What you are asked to do:
Filter the records down to the lines that hold the word "listed", and copy each of those lines.

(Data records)
>>

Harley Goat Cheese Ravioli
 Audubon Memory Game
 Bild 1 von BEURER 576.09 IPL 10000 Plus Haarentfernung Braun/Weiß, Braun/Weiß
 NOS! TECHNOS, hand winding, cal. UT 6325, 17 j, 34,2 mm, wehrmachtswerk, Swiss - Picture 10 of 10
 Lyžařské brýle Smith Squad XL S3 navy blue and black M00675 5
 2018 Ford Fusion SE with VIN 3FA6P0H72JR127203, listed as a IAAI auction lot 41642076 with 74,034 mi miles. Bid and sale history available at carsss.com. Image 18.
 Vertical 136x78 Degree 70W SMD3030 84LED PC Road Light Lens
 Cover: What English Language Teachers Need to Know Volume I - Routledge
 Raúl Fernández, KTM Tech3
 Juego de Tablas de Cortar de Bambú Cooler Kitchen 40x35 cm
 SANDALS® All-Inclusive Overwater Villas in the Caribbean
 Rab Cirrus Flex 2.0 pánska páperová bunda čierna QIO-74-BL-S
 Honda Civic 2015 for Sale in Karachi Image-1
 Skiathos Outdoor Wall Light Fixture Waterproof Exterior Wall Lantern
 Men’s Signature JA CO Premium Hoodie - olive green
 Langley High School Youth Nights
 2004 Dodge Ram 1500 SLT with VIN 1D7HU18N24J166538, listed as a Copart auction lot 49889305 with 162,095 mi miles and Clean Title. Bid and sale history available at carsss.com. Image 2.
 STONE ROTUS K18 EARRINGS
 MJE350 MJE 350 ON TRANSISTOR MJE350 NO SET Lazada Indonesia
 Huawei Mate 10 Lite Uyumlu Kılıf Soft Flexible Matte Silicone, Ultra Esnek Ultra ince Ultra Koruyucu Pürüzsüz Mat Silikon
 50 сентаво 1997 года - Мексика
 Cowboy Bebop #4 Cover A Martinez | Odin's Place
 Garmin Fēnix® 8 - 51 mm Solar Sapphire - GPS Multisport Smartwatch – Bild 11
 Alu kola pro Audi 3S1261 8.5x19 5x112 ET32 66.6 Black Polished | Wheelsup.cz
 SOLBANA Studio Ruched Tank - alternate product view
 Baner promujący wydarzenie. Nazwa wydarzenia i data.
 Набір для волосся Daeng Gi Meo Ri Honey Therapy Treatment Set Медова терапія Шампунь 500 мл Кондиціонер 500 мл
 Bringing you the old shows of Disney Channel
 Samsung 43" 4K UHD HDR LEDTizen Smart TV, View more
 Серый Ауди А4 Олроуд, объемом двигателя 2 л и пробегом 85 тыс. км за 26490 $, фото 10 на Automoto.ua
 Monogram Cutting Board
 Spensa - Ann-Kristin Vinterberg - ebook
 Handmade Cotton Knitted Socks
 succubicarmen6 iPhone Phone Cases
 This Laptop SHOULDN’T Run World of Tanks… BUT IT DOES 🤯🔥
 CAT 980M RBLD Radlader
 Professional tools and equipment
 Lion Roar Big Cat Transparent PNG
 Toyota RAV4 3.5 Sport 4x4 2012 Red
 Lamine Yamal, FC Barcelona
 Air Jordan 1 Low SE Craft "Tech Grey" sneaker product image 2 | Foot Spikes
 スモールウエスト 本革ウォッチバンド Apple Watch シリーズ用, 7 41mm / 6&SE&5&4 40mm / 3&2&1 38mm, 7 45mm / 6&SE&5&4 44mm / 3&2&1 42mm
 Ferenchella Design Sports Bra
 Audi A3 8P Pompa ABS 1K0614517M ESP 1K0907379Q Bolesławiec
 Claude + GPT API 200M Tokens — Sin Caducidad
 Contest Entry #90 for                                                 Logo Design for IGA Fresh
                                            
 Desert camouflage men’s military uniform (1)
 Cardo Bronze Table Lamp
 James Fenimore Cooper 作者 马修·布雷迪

<<

Reply:
 2018 Ford Fusion SE with VIN 3FA6P0H72JR127203, listed as a IAAI auction lot 41642076 with 74,034 mi miles. Bid and sale history available at carsss.com. Image 18.
 2004 Dodge Ram 1500 SLT with VIN 1D7HU18N24J166538, listed as a Copart auction lot 49889305 with 162,095 mi miles and Clean Title. Bid and sale history available at carsss.com. Image 2.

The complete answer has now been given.